Una lezione di pop, insomma.

Proprio così. I provini dei brani dei due album lo confermano, nella loro innocenza. Una donna per amico mi ha gratificato parecchio: i giornalisti si interessavano anche alla produzione, agli strumenti coinvolti, in maniera diversa da quanto accade nel Regno Unito. È stata una grande soddisfazione.


Come è cambiato il lavoro con Lucio in Una giornata uggiosa?

Innanzi tutto, devo dire che non ho percepito la tensione che, secondo alcuni, ci sarebbe stata in quel momento con Mogol, poco prima che si "lasciassero". I provini del nuovo disco suonavano più R&B, l'obbiettivo, di cui avevamo discusso, era quello di dare al nuovo album più grinta. In uno studio vicino a Wembley, che oggi non c'è più, abbiamo cominciato a registrare e il primo batterista non mi convinceva: ancora una volta, Battisti mi ha concesso la sua fiducia: è arrivato Stuart Elliot e abbiamo trovato, ancora una volta, il giusto equilibrio fra tecnica e cuore.

Cambiare stile, comunque, era proprio la nostra intenzione: dai ritmi siamo andati avanti, senza dimenticare l'appiglio melodico che in Battisti è sempre stato presente.

Sarebbe possibile per lei produrre album come questi, oggi?

Non credo: Oggi manca la concentrazione necessaria, il tempo, anche la strumentazione per lavorare davvero bene. L'uso eccessivo del computer ha rovinato il processo creativo e ha tolto il raccoglimento che una volta si provava in sala di registrazione.
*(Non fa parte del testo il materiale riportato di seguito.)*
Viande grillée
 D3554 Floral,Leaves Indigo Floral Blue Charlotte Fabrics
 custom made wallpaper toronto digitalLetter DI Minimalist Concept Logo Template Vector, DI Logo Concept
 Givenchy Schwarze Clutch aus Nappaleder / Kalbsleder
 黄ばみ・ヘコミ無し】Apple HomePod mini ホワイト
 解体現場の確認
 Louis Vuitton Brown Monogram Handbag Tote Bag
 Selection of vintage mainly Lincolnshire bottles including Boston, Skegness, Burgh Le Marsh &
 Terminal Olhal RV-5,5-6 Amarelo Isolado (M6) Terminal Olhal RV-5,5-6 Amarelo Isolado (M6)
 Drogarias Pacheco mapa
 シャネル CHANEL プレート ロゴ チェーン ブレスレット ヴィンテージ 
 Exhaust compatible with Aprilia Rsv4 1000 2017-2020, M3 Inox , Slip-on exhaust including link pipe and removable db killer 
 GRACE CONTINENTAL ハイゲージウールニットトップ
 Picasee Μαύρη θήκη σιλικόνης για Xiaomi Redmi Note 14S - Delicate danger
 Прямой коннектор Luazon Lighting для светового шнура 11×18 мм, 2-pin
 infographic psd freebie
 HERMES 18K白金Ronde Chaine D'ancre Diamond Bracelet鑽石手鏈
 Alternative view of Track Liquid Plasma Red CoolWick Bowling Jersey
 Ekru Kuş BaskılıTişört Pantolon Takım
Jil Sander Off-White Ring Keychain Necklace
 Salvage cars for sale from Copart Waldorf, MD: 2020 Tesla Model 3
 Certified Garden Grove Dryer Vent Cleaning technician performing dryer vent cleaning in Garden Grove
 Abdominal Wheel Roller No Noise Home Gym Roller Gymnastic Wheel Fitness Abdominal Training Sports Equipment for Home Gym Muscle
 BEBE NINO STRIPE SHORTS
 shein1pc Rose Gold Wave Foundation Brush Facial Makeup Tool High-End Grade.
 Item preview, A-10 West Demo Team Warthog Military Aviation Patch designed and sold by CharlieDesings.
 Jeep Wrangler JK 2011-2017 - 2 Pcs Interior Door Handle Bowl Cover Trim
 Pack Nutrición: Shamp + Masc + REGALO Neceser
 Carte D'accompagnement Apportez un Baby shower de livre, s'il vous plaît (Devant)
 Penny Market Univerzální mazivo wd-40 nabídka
C'è un pezzo di cui lei è particolarmente orgoglioso, fra quelli di Una donna per amico e Una giornata uggiosa?

La seconda facciata di Una giornata uggiosa: la trovo, ancora oggi, stupefacente. Fra Questo amore e Perché non sei una mela ci sono ritmi e incastri melodici che si amalgamano così bene da essere irripetibili, per esempio, durante un concerto. È quella magia della sala di incisione che oggi fatico a ritrovare e che, grazie a Lucio Battisti, ho cominciato a scoprire quasi quarant'anni fa. Gliene sono molto riconoscente.